I have been raising alarm about the trade deficit for many years, asking what will happen when the supply of American assets available for sell-off to fund the deficit begins to dwindle. That day will bring the economy to a screeching halt as foreign credit dries up. Well, that day is rapidly approaching. Credit is drying up and it’s shutting down the economy. Forget about the bail-out package. It won’t do a damn thing to rectify this situation. Hunker down, folks. It’s going to get really bad.  


Today’s Financial / Business Data: Predictable

July 17, 2008

Some interesting economic data was released this morning. First of all, housing starts rose unexpectedly, from an annualized rate of 975,000 in May to 1,066,000 in June. However, the increase was led by a 42.5% surge in multi-family dwellings, against a backdrop of a 5.3% decline in single family homes. This is a clear indication of the theory presented in Five Short Blasts at work. As the population continues to grow, people are moving toward smaller, multi-family dwellings.
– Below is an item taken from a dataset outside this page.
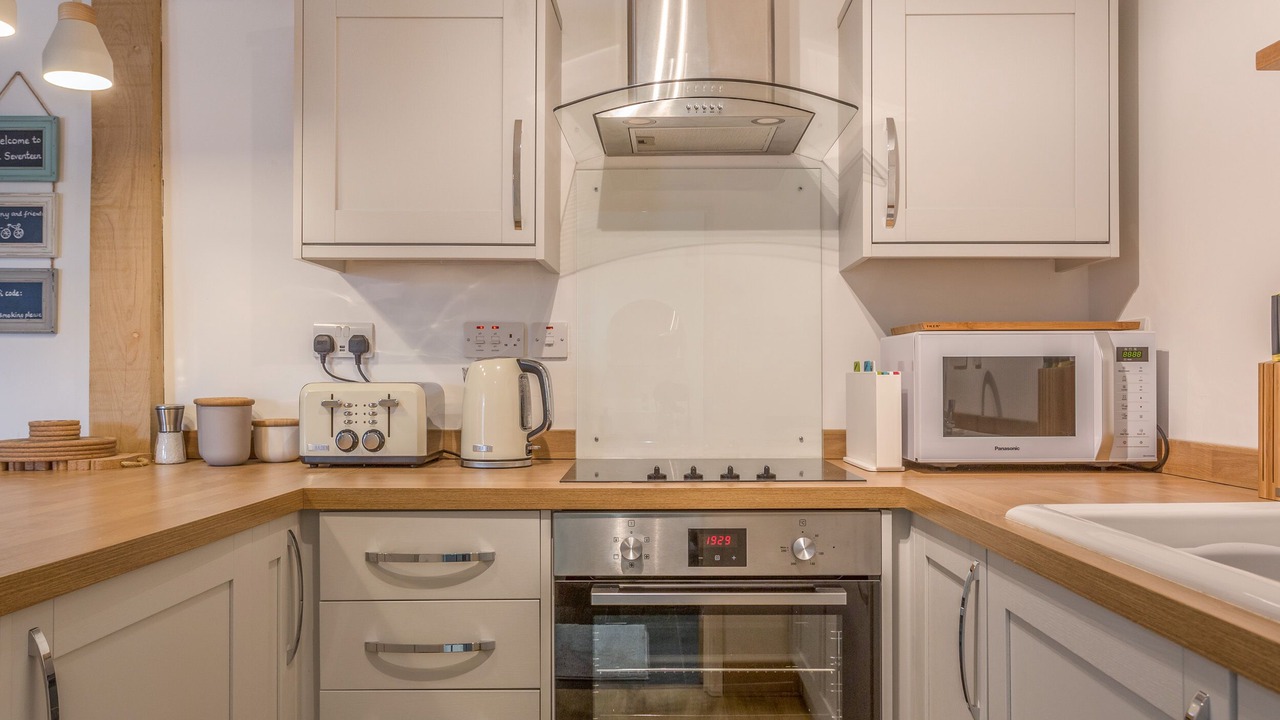 Photo of Kitchen in Sennen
In other words, the per capita consumption of dwelling space is declining, just as Figure 5-2 on page 88 predicts.

Separately, the Labor Department reported that weekly first time jobless claims rose again last week to 366,000. This is an annualized rate of 19 million, or about 13% of the labor force. In other words, one out of ever 8.5 workers will file for unemployment in the coming year if this rate doesn’t rise further. But it’s been on the rise for a year now.

Finally, the Philadelphia Fed Survey of manufacturing shows that manufacturing activity in that region continues to decline, belying claims that manufacturing would rebound with the falling dollar as exports become cheaper and more attractive to foreign buyers. This runs counter to economists’ predictions of a rebound because our trade deficit has nothing (or very little) to do with currency valuations. (See previous posts on this subject.)
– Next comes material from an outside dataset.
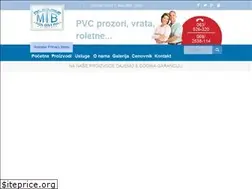 Sites similar to pvcstolarija-rolostar.com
Falling per capita consumption of dwelling space, rising unemployment and shrinking manufacturing – none of this is any surprise to someone who understands the theory presented in Five Short Blasts.


Confirmation That Unemployment is Worse Than Stated?

February 8, 2008

http://www.usatoday.com/news/washington/2008-02-07-vet-jobs_N.htm

This article finds that 18% of vets leaving the military can’t find work, even if they take advantage of the GI bill and get more education. 

A few posts back, I suggested that the government tinkers with the unemployment calculation to make it appear better than it is, and I noted that first-time jobless claims run at an annual rate of 13%.  This article seems to confirm that, in fact, unemployment is probably much higher than the current “official” rate of 4.9%. 

“The 2007 study by the consulting firm Abt Associates Inc. found that 18% of the veterans who sought jobs within one to three years of discharge were unemployed, while one out of four who did find jobs earned less than $21,840 a year. Many had taken advantage of government programs such as the GI Bill to boost job prospects, but there was little evidence that education benefits yielded higher pay or better advancement.

The report blamed the poor prospects partly on inadequate job networks and lack of mentors…”

These statistics too closely resemble the general population to be blamed on their military background.  How many people in the overall work force have “job networks” or “mentors?”  One out of four earns less than $21,840 per year?  That’s about the same as the overall population.